Abstract
Multiple endoscopic biopsy specimens of esophageal mucosa were received from a 13-year-old castrated male standard Poodle. The dog was presented for painful swallowing. Endoscopically, the distal aspect of the esophagus was inflamed with a polypoid mass that protruded into the esophageal lumen. Histologically, the stratified squamous epithelium overlying the mass and lining the adjacent esophageal mucosa was replaced by papillary projections covered by columnar epithelium with goblet cells supported by a fibrous stroma. This article reports a case of spontaneous esophageal adenomatous polyp with intestinal metaplasia (Barrett esophagus) and reviews the pathogenesis of esophageal metaplasia and adenocarcinoma.

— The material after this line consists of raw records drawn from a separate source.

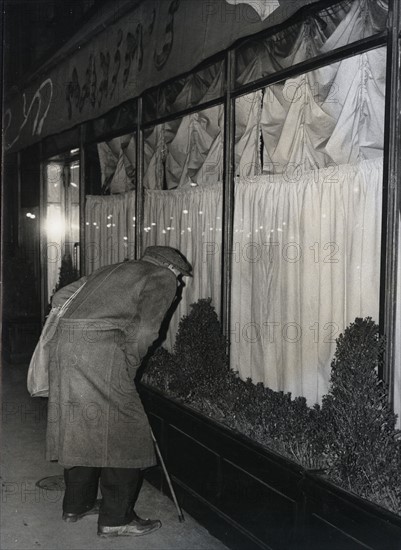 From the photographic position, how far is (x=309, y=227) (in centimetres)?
559

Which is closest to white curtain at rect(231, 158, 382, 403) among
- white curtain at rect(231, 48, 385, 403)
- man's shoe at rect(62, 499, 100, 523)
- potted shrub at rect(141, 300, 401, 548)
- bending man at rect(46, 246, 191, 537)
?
white curtain at rect(231, 48, 385, 403)

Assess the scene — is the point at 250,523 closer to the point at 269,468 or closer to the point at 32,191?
the point at 269,468

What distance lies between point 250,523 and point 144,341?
1.47 m

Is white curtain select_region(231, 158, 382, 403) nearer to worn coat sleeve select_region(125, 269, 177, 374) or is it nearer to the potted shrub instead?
the potted shrub

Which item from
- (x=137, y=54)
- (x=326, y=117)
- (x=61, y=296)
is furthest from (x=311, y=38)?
(x=61, y=296)

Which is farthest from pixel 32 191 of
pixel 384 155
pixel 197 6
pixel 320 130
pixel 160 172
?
pixel 384 155

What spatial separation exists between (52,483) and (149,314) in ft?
7.65

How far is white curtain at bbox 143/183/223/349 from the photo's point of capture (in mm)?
7074

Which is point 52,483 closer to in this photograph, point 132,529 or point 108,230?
point 132,529

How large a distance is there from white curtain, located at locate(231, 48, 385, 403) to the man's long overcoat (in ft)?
4.14

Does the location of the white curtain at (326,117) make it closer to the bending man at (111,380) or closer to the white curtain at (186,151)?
the white curtain at (186,151)

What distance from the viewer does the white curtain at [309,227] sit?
5035 millimetres

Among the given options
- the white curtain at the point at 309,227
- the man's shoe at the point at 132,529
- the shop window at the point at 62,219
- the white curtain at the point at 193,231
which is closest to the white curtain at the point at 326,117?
the white curtain at the point at 309,227

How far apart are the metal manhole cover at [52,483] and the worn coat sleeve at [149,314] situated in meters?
1.86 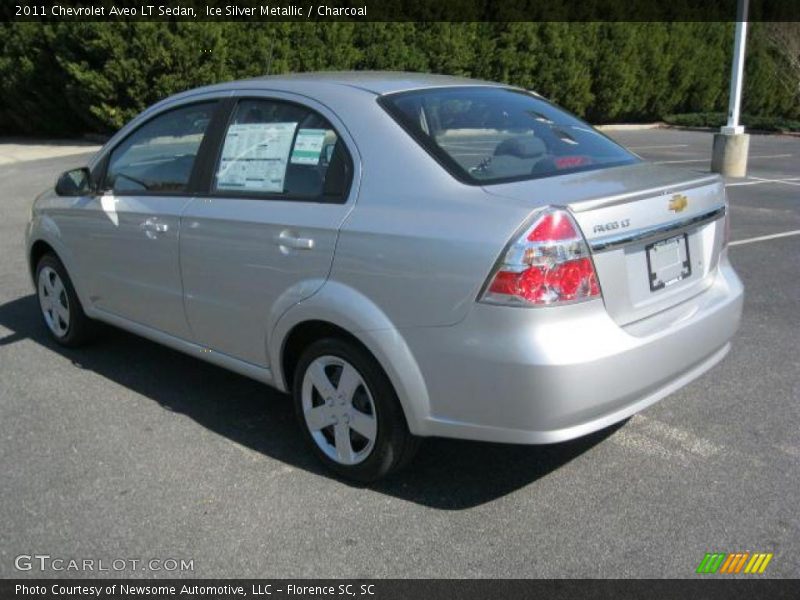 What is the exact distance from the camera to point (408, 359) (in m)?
3.15

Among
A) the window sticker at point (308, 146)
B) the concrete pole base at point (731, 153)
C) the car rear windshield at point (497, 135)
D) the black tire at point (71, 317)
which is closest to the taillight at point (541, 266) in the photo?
the car rear windshield at point (497, 135)

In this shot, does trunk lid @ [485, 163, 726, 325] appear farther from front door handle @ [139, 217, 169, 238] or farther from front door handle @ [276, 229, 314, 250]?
front door handle @ [139, 217, 169, 238]

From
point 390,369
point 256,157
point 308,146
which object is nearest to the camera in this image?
point 390,369

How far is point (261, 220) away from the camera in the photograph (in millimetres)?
3674

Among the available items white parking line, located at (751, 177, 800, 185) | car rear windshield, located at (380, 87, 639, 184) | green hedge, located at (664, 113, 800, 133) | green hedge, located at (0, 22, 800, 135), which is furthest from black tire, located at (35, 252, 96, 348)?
green hedge, located at (664, 113, 800, 133)

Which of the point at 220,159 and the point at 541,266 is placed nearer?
the point at 541,266

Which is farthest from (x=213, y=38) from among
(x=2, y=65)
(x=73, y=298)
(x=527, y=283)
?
(x=527, y=283)

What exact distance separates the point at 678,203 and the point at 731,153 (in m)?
11.3

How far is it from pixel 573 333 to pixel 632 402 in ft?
1.49

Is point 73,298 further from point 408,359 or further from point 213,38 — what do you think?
point 213,38

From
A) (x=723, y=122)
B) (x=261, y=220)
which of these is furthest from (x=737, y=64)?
(x=723, y=122)

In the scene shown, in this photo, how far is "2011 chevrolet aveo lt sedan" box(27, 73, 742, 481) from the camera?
116 inches

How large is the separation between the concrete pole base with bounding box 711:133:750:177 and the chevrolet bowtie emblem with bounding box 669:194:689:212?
11.2 m

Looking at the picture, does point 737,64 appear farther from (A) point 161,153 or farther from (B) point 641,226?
(B) point 641,226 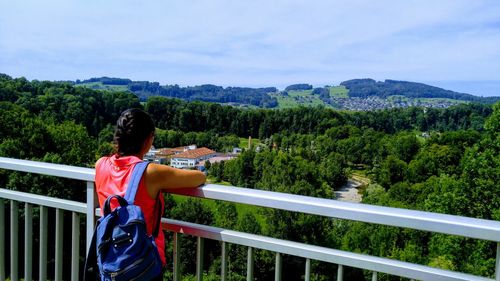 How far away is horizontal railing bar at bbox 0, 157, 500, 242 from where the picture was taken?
4.38 feet

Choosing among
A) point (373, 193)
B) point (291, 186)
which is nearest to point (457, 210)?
point (291, 186)

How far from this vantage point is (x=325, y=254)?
5.11 feet

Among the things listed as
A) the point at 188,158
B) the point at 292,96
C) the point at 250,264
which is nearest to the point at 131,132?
the point at 250,264

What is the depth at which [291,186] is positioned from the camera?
111 ft

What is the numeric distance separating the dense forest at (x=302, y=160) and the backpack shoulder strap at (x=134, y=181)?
3.00 feet

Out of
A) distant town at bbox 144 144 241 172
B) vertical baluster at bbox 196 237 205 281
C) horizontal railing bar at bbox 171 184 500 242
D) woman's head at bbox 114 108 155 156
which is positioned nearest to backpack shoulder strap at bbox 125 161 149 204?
woman's head at bbox 114 108 155 156

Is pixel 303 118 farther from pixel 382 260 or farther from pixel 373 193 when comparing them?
pixel 382 260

Columnar-lined lower esophagus (CLE), or Barrett esophagus (BE), is a well-known and extensively studied entity in humans and has been induced experimentally in rats and dogs. 9,11 The presence of BE is the most important risk factor for the development of esophageal adenocarcinoma in humans. Although the pathogenesis of the disease is incompletely understood, the mechanism has been studied in canine, rat, and rabbit models. Experimentally, CLE has been induced in dogs by creating a lower esophageal mucosal defect and inducing acid reflux by cardioplasty and pentagastrin injection. 9 Spontaneous development of intestinal metaplasia of the esophagus, however, has not been described in the dog.
Clinical History
A 13-year-old castrated male standard Poodle presented to the Emergency Service at Tufts Cummings School of Veterinary Medicine for pain when swallowing, reluctance to eat, and hypersalivation. The dog had multiple bouts of pancreatitis over several months leading up to presentation and had clinical signs of hyperadrenocorticism (thin hair coat, comedones, and bilateral adrenal enlargement on ultrasound). No history of regurgitation was noted.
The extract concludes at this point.